:: Input material ::

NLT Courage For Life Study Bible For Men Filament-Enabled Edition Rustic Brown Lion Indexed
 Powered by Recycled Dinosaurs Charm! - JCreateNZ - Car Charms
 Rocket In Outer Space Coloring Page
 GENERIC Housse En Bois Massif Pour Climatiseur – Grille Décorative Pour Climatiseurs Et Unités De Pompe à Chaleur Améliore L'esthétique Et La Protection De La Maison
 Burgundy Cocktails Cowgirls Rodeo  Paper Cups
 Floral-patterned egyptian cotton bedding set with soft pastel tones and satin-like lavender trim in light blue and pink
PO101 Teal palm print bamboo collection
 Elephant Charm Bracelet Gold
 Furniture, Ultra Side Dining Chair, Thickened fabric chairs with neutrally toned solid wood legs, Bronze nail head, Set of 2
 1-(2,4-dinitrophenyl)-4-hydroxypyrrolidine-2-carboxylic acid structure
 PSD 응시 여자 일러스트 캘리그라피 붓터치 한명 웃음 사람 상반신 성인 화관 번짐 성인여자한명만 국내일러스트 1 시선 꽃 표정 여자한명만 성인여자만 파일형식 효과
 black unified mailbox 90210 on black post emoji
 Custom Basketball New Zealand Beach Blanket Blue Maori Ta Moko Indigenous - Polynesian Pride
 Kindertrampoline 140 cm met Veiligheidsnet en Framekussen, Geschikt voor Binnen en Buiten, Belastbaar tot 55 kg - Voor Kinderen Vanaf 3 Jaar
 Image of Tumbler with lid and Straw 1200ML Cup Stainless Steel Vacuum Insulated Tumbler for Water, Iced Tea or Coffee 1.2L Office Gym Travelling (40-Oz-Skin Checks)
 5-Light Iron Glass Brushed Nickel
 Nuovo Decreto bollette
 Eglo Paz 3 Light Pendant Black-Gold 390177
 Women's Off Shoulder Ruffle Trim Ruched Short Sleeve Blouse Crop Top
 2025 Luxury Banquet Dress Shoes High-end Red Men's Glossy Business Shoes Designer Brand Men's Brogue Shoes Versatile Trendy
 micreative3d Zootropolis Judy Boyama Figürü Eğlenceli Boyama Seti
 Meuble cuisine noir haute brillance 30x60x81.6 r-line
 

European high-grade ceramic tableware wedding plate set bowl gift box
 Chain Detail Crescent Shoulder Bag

:::

◆ **Task description**
Look through the records above and please copy every line in which the string "Shoulder" occurs.

◆ **Answer below**
 Women's Off Shoulder Ruffle Trim Ruched Short Sleeve Blouse Crop Top
 Chain Detail Crescent Shoulder Bag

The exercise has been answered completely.